Sur la route de Prato&Pozzo à Ferrare

Au lieu d’aller chercher la grand route à Argenta nous avons suivi la digue,  longé un  canal dans des terrains agricoles. D’énormes canons arrosent les cultures avec l’eau du canal. Blé, pois, asperges qu’on récolte à la main.

 Et toujours ces installations de méthane !  Une recherche sur Internet me le  confirme : on exploite bel et bien un gisement de méthane dans le delta.

On passe Anita appelé ainsi en l’honneur de la femme de Garibaldi qui mourut à Comacchio. Elle ne fut pas seulement la femme d’un homme célébrissime mais également une femme intrépide et combattante.

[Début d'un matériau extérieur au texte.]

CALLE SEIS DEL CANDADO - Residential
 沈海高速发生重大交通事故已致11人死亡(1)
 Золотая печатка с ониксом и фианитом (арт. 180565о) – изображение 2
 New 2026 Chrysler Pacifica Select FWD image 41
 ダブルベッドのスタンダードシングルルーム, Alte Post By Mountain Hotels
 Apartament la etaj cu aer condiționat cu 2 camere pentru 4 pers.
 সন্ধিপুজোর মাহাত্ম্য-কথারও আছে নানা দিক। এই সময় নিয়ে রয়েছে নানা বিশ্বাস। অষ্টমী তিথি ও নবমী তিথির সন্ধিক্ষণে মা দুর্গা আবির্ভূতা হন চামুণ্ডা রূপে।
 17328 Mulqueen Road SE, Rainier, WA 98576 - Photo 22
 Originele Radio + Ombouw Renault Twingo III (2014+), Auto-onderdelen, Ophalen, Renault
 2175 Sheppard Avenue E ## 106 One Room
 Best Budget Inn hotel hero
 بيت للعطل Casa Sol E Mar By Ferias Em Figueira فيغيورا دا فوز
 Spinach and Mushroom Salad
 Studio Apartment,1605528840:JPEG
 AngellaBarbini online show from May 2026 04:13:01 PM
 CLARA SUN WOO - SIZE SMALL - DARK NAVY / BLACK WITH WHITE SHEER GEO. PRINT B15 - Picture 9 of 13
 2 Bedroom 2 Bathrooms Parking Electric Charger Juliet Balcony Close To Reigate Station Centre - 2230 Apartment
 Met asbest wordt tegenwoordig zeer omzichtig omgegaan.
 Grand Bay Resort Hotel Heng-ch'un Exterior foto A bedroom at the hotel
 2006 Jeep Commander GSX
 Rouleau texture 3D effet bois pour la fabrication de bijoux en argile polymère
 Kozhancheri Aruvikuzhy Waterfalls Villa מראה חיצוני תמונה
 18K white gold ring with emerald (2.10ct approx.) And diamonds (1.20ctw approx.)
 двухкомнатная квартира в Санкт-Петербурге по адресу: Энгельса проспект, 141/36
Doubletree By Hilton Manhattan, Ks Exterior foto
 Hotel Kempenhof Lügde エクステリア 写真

A Pontemaggiore nous ne trouvons pas le château Delizia d’Este promis par la brochure.

Arrivée à Ferrare

L’arrivée sur Ferrare est facile. Le pont sur le Pô de Volano donne un bon repère pour se situer sur le plan du G. du Routard. Dès qu’on entre dans le Centre historique (interdit aux voitures) commence le casse-tête. Non seulement on a dû être filmé par les cameras, mais encore il y a des sens interdits qui nous empêchent de progresser logiquement. Des passants nous ont tracé un itinéraire mais la rue Mazzini est interdite complètement à la circulation. J’empoigne la valise verte et parcours au pas de course la Via della Vittoria où se trouve notre Pensione delli Artisti. La dame prend son temps pour m’explique sur le plan comment rejoindre le Parking Centro Storico, elle faxera notre numéro d’immatriculation à la police pour nous éviter une lourde contravention. A son insistance à propos du fax, je comprends qu’on a déjà été filmé dès qu’on a pénétré la zone interdite et que l’amende n’est pas une plaisanterie. Heureusement la voiture est garée sur une place destinée au déchargement. Je retourne pour chercher la valise bleue qui roule. Tellement précipitée que j’en oublie le G du Routard et mon cahier sur le comptoir de l’hôtel. Dès l’entrée de la rue je trouve le patron avec un diable qui est venu à ma rencontre.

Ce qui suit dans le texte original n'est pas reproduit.